──────── INPUT MATERIAL

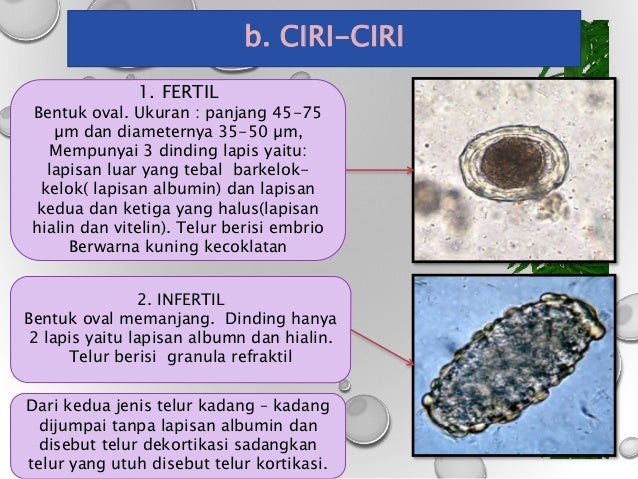 78 Gambar Telur Cacing Gelang Terlihat Keren 78 Gambar Telur Cacing Gelang Terlihat Keren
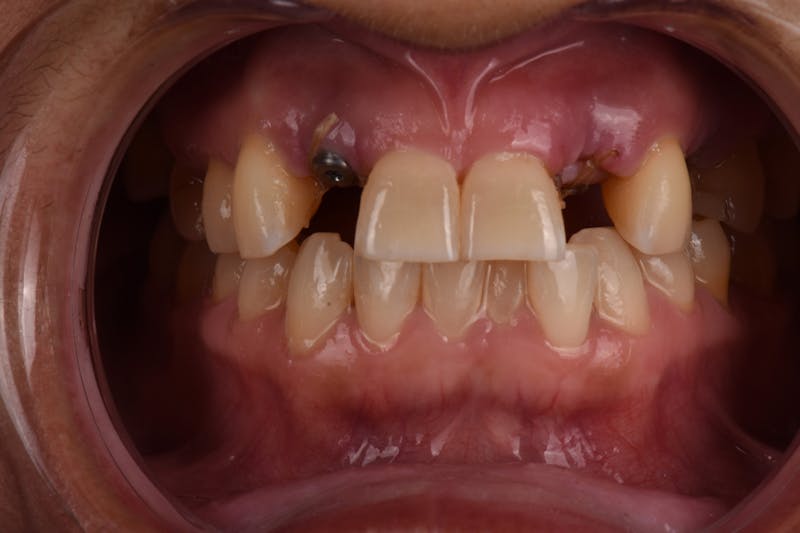 Patient Smile Before & After Gallery - Patient 406360 - Image 5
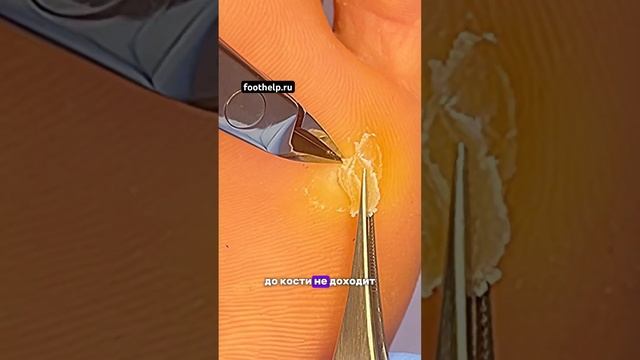 Удаление корневой мозоли @podologmoscow смотреть онлайн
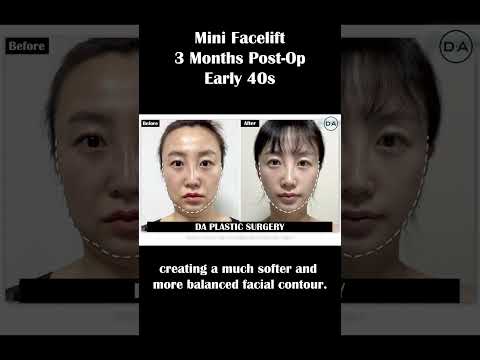 미니 안면거상술 전후 비교 | 수술 3개월 차 | 40대 초반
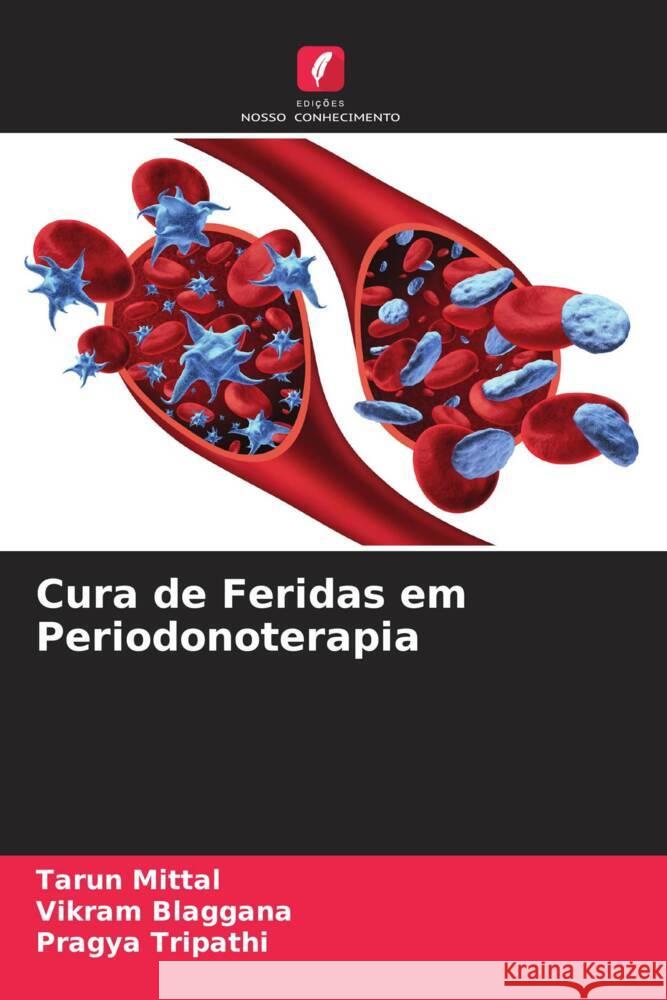 Cura de Feridas em Periodonoterapia Mittal, Tarun, Blaggana, Vikram, Tripathi, Pragya 9786205112717 Edições Nosso Conhecimento - książka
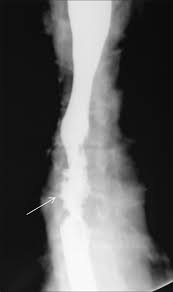 ( a from levine ms: Barium Esophagogram In Various Esophageal Diseases A Pictorial Essay Abstract Europe Pmc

────────────────

→ TASK DETAILS
Output the records verbatim without pictures.

→ YOUR RESPONSE
 78 Gambar Telur Cacing Gelang Terlihat Keren 78 Gambar Telur Cacing Gelang Terlihat Keren
 Patient Smile Before & After Gallery - Patient 406360 - Image 5
 Удаление корневой мозоли @podologmoscow смотреть онлайн
 미니 안면거상술 전후 비교 | 수술 3개월 차 | 40대 초반
 Cura de Feridas em Periodonoterapia Mittal, Tarun, Blaggana, Vikram, Tripathi, Pragya 9786205112717 Edições Nosso Conhecimento - książka
 ( a from levine ms: Barium Esophagogram In Various Esophageal Diseases A Pictorial Essay Abstract Europe Pmc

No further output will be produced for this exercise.